0.32.0 Release Notes

We’re excited to introduce enhanced capabilities for production monitoring, version comparisons, failure analysis, and interaction filtering—making it easier than ever to spot trends, identify winners, and focus your evaluations.

Deepchecks LLM Evaluation 0.32.0 Release:

📊 New sessions tab and insights in Production overview
⭐ Identify better versions and interactions in comparisons
📌 “Sticky” versions for easier comparison
📝 Custom guidelines for Failure Mode Analysis
🎯 Filter interactions by tracing data (tokens & latency)

What's New and Improved?

New sessions tab and insights in Production overview

The Production environment now includes a dedicated Sessions tab, showing metrics and trends specifically at the session level—complete with score summaries, over-time graphs, and a detailed session list.

Sessions tab in Production environment view

We’ve also added time-range-aware insights to Production. Simply adjust the global time-range filter, and your insights will update accordingly—helping you focus on recent data or specific time periods of interest.

Time-range aware insights in Production environment view

Identify better versions and interactions in comparisons

The version comparison view now highlights which version—and which specific interactions—perform better, based on numerical property analysis.
Interaction-Level Star Indicator: Each interaction pair is evaluated using the average of the first three pinned numerical properties (often your most critical metrics). The higher-scoring interaction gets a star, and ties get stars for both.
Version-Level Star Indicator: The version with a majority of “better” interactions earns a star, giving you an at-a-glance winner.
Hover for explanation: Tooltips clarify the reasoning behind each star selection.
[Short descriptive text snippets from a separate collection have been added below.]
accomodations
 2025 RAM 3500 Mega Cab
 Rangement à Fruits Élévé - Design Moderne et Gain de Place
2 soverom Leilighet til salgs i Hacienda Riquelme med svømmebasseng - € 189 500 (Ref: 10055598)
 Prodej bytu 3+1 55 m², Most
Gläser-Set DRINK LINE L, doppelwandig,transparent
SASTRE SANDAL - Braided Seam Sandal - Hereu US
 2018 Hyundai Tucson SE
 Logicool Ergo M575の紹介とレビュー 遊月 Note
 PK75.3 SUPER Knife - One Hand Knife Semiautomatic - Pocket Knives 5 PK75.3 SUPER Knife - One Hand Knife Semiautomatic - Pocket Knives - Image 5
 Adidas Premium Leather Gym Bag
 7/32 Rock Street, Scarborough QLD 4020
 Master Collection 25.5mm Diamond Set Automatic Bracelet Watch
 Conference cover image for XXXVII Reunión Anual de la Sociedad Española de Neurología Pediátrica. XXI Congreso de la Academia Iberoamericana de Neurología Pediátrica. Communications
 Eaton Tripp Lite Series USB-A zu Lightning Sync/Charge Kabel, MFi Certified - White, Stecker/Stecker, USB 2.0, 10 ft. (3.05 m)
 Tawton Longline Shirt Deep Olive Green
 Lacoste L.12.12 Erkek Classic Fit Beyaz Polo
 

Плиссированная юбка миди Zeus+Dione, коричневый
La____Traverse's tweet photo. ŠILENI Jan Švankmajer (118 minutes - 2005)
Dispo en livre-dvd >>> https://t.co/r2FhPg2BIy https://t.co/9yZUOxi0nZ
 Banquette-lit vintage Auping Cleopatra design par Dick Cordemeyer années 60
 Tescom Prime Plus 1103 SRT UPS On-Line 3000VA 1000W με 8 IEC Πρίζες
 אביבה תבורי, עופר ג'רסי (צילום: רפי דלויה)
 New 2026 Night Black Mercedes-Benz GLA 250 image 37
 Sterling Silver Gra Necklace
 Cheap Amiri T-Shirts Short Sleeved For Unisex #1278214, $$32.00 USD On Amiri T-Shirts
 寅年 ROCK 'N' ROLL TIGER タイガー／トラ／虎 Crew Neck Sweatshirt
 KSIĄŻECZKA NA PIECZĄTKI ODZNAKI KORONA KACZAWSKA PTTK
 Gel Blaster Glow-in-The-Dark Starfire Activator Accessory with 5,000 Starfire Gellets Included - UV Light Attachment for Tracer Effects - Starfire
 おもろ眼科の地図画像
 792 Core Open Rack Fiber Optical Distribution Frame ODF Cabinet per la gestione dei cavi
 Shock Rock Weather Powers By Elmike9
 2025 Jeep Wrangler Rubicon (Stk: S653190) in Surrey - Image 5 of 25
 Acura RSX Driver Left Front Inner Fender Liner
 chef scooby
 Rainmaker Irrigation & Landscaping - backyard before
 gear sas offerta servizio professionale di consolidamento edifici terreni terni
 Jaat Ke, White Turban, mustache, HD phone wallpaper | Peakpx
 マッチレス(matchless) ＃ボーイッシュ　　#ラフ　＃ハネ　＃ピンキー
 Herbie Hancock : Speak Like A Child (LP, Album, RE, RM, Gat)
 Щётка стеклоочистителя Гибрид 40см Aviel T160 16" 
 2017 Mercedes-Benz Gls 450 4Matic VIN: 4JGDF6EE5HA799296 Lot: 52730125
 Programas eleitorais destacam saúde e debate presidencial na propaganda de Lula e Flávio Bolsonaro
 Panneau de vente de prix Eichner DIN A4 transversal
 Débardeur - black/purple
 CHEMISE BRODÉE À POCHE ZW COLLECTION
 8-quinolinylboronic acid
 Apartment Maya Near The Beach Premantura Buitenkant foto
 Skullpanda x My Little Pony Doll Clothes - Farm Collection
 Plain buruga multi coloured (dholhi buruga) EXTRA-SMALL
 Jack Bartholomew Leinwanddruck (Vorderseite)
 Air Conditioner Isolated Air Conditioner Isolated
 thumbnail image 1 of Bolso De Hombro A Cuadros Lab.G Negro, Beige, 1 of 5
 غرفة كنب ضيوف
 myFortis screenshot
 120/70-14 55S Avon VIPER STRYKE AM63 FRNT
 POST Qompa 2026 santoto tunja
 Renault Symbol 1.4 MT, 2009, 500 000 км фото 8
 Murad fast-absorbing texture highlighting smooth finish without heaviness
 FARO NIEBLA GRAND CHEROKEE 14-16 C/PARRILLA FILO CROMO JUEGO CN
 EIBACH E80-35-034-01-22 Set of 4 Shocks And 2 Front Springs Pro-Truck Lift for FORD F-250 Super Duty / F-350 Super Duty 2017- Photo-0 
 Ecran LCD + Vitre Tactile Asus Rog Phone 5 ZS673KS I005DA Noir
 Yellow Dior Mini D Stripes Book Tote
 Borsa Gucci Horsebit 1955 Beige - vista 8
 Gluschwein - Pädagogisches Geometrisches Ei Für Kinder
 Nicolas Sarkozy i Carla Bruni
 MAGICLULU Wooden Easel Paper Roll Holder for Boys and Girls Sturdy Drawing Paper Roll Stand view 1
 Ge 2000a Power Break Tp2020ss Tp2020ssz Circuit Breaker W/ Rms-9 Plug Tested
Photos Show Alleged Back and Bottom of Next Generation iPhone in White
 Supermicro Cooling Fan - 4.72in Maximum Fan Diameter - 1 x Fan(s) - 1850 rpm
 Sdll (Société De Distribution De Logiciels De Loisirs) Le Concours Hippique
“Sticky” versions for easier comparison

You can now pin (“stick”) versions to the top of the Versions screen by clicking the up-arrow icon next to them. This keeps them in view while you sort, filter, or explore other versions—perfect for focusing on a few key versions.

Custom guidelines for Failure Mode Analysis

Failure Mode Analysis now supports user-provided guidelines. You can supply assumptions, suspected failure modes, or specific areas of concern for the analysis agent to focus on—helping tailor summaries to your specific evaluation goals.

Option to add user-provided guideline before analyzing property failure modes

Filter interactions by tracing data

The Interactions page now includes filters for tracing-based system metrics such as total tokens and interaction latency—making it easier to investigate performance patterns or anomalies linked to system behavior.